Task requirements: Word for word, print each record, dropping any image it holds.

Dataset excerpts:
★ ★ ★ ★ ★ ★ ★

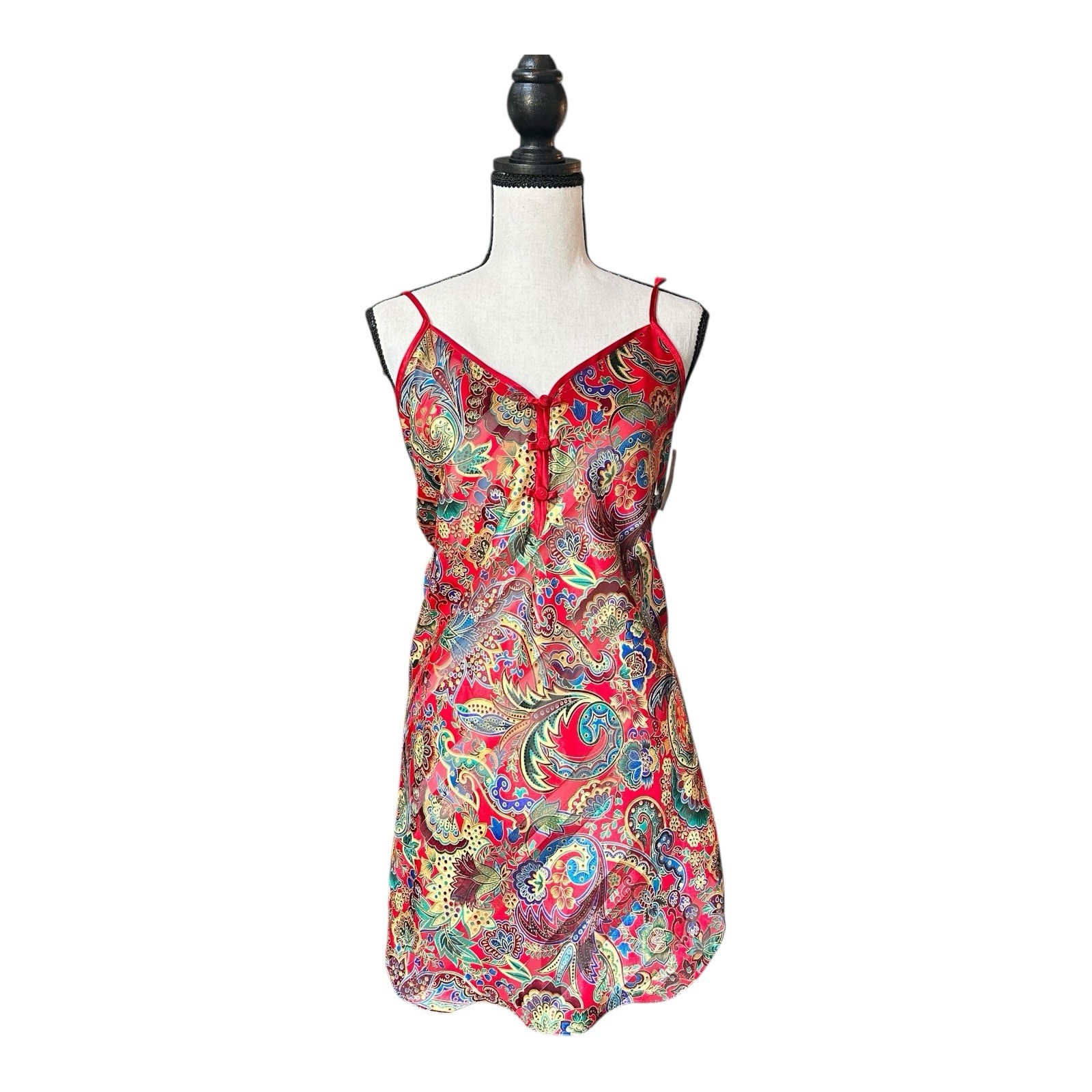 Vintage Inner Most Red Paisley Satin Slip Dress Lingerie M Made in USA Fairy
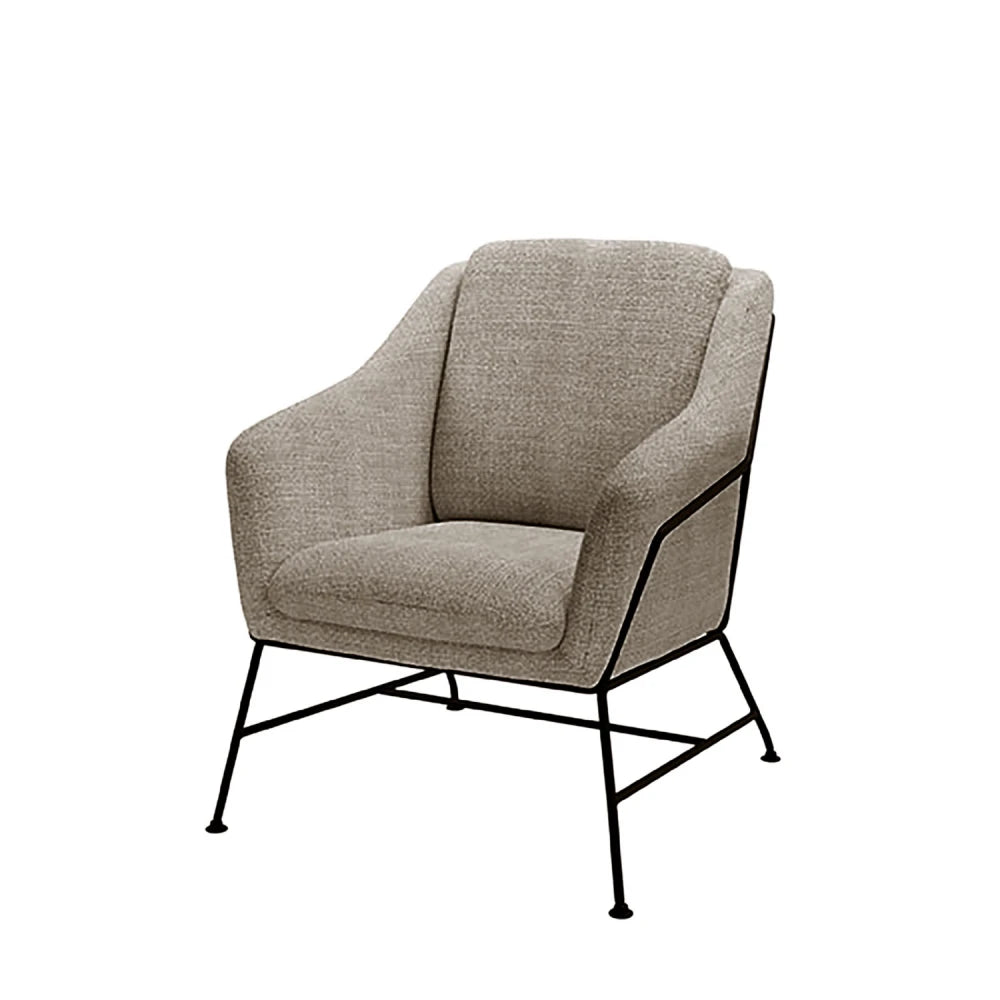 Fotoliu modern cu spatar metalic ODENSE Taupe L66cm x A70cm x H80cm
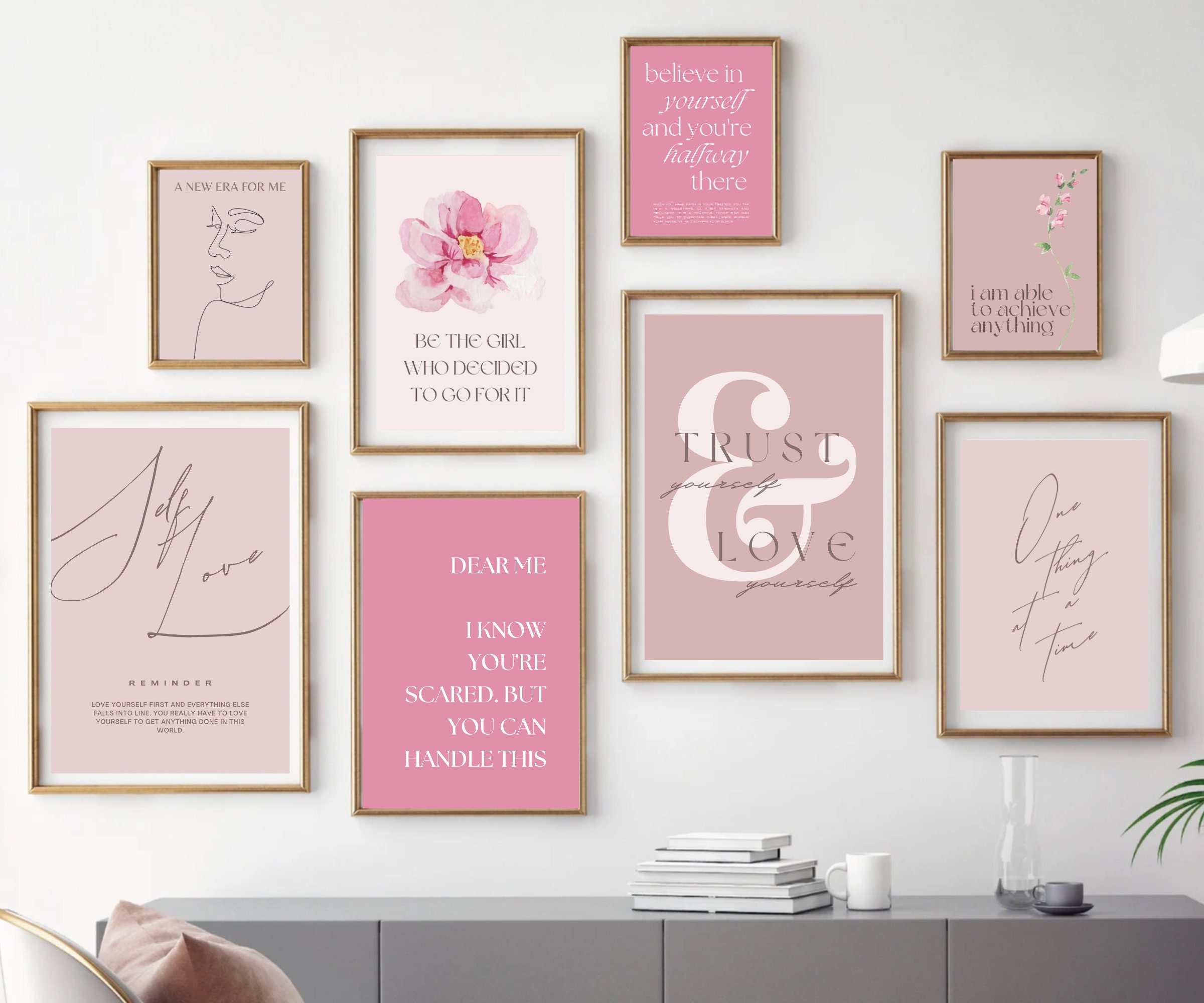 Office Wall Art | Set of 10 PRINTABLES | Home Office Decor | Pink ...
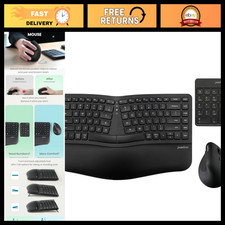 3-in-1 Wireless Ergonomic Keyboard & Vertical Mouse Combo - Quiet Keys, Numeric picture
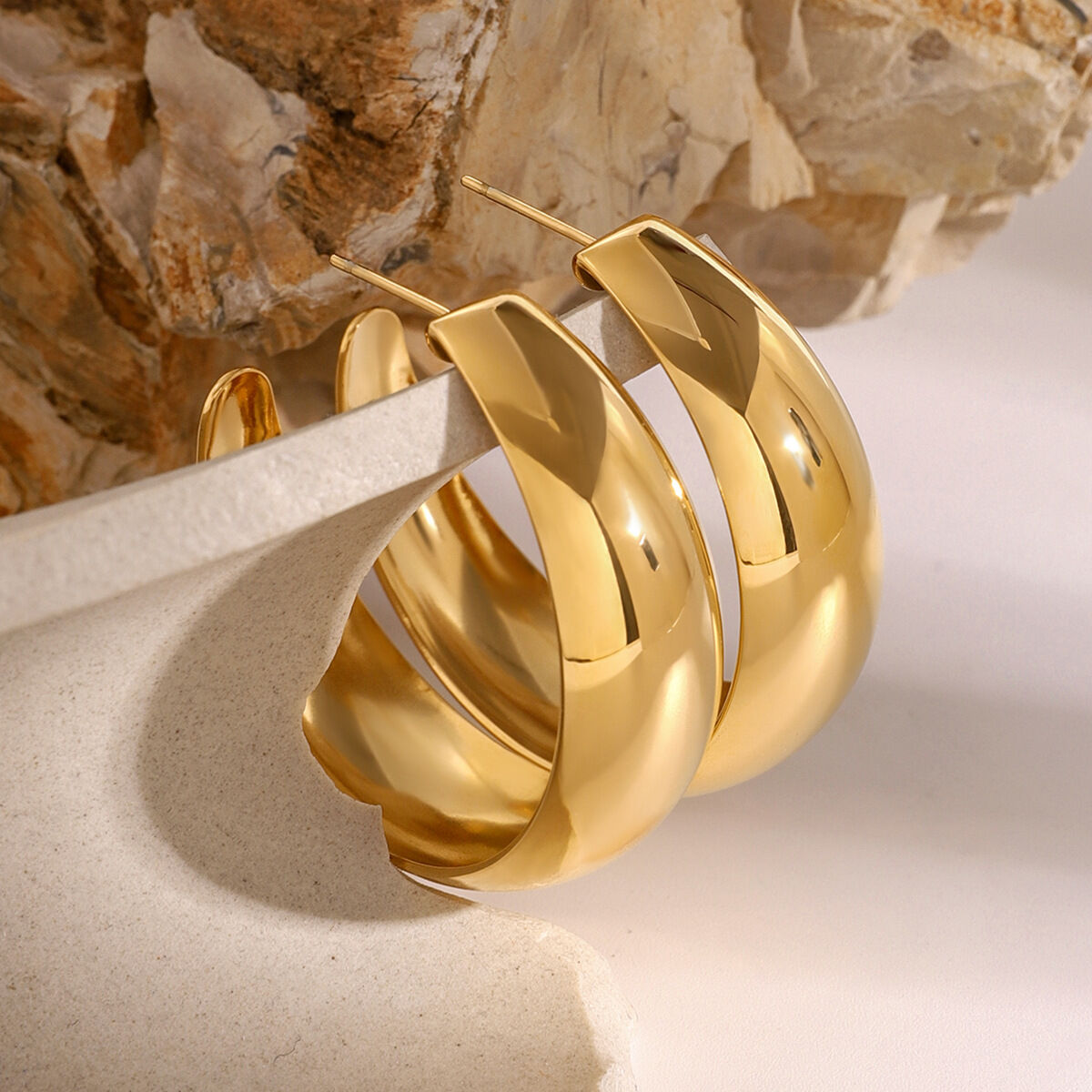 1 Pair Simple Stainless Steel Waterproof Gold Color Statement Hoop Earrings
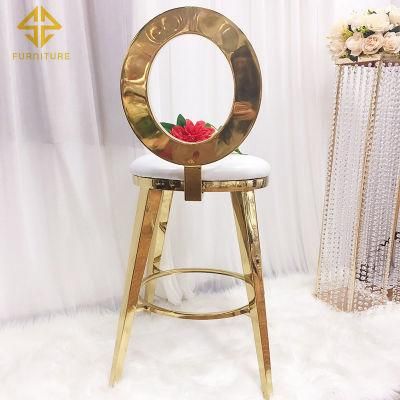 Luxury Rose Back Bar Chair Velvet Gold Stainless Steel Bar Stool High Chair for Bar Table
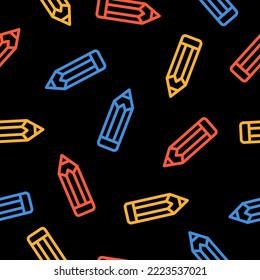 Black seamless pattern with colorful outline pencil.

★ ★ ★ ★ ★ ★ ★

Output below:
 Vintage Inner Most Red Paisley Satin Slip Dress Lingerie M Made in USA Fairy
 Fotoliu modern cu spatar metalic ODENSE Taupe L66cm x A70cm x H80cm
 Office Wall Art | Set of 10 PRINTABLES | Home Office Decor | Pink ...
 3-in-1 Wireless Ergonomic Keyboard & Vertical Mouse Combo - Quiet Keys, Numeric picture
 1 Pair Simple Stainless Steel Waterproof Gold Color Statement Hoop Earrings
 Luxury Rose Back Bar Chair Velvet Gold Stainless Steel Bar Stool High Chair for Bar Table
 Black seamless pattern with colorful outline pencil.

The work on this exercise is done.